Back on the Fast Track

    
 
 Photo: TASR

After the 1998 election, four parties - led by the Slovak Democratic Coalition (SDK) - formed a government. It was another broad left-right coalition, but this one included the main Hungarian party, ensuring that the minority issue would be less vexing than under Mečiar. And it was determined to improve Slovakia's image in the international community, and return its EU entry application to the fast track.

Mikuláš Dzurinda, an SDK official, became prime minister after the 1998 election, a position he still holds today. One of the coalition's first acts was to amend the constitution so that the president would be elected by the public. Rudolf Schuster, a Košice native who had been a reform-minded but high-ranking Communist, became the first directly elected Slovak president in May 1999. In a run-off, he had defeated Mečiar, the jack-in-the-box of Slovak politics, by 57.8 percent to 42.2 percent.

Today, Mečiar remains a powerful opposition deputy in parliament, and is still one of Slovakia's most popular and formidable politicians.
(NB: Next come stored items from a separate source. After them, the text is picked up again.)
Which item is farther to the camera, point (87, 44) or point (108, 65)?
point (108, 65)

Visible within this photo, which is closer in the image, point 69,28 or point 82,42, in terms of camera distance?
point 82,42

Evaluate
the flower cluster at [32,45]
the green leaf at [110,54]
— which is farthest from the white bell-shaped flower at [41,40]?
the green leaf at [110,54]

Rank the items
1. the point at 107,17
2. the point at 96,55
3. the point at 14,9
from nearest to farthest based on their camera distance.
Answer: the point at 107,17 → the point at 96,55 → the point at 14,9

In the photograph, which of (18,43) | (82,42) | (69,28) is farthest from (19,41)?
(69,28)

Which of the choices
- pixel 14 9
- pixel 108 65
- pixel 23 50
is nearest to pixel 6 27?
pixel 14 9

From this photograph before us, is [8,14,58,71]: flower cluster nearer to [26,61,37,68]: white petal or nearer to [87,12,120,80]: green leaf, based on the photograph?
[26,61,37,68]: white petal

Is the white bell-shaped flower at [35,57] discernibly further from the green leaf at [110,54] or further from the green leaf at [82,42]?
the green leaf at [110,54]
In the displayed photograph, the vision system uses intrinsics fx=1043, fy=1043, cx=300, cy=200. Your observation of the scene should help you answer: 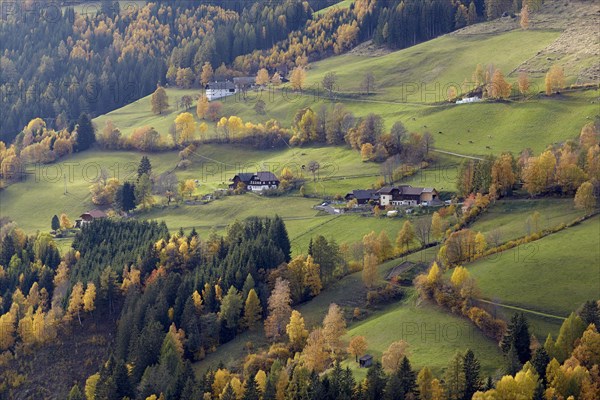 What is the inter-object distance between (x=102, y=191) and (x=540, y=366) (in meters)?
101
The new government succeeded dramatically in reviving the nation's EU campaign. In 1999, after the war in Kosovo, the EU decided to speed up the accession process with a policy of "differentiation." Rather then lump states into groups, it opened accession talks with all candidate states and allowed their applications to move forward as quickly as warranted. Freed of the political liabilities imposed by the Mečiar government, Slovakia leapfrogged ahead of its former second-state peers and caught up with the Czech Republic, Poland, and Hungary.
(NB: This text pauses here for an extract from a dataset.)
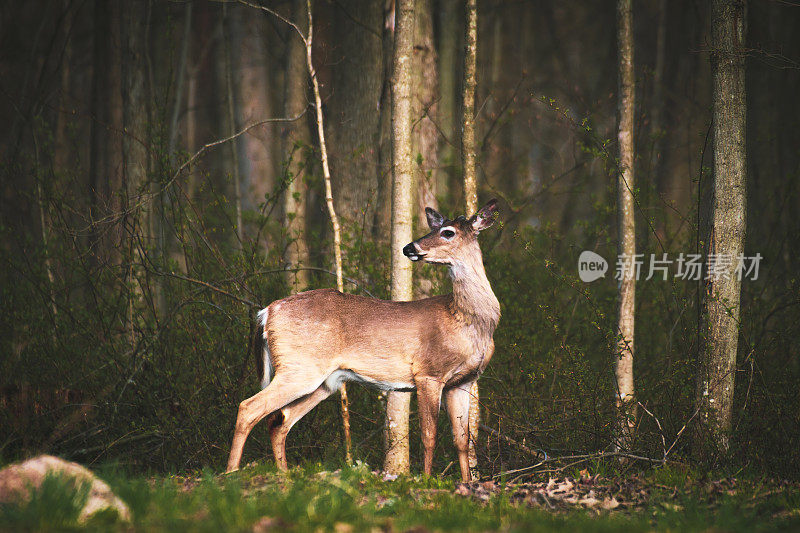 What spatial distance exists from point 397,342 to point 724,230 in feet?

With the Hungarian issue now on the back burner, the Roma issue has risen to the fore. Official figures put the number of Roma living in Slovakia at 92,000, but most experts think there are closer to 400,000. Unemployment among the Roma is extremely high, and they tend to live in isolated camps with little access to clean water. Education, too, is a major problem; human-rights workers complain that Roma children are often treated as mentally retarded, simply for not having learned Slovak. Under pressure from the European Union, the government is officially trying to help improve the lot of the Roma and curb widespread racism against them in Slovak society.

In September 2002, Mečiar was again unable to form a government, despite his HZDS party taking the largest share at the popular vote, and a more ideologically unified centre-right coalition was formed under Dzurinda. In foreign policy, the government threw in its lot with the Anglo-American side in the trans-Atlantic split over the 2003 invasion of Iraq. In April, President Schuster signed an accession treaty with the EU, putting Slovakia on track to join the union in 2004, a decision overwhelmingly ratified by the public in a May referendum.

Despite the political chaos unleashed by the Divorce and the misdeeds and missteps of Mečiar and his cronies, Slovakia has established itself as a resilient, market-directed democracy, Henderson argues. "The goal of EU membership is realistic precisely because Slovakia had an underlying stability which allowed it to survive the domestic storms of state-building in the late 1990s," she writes.


These articles and related information were published in Spectacular Slovakia 2003.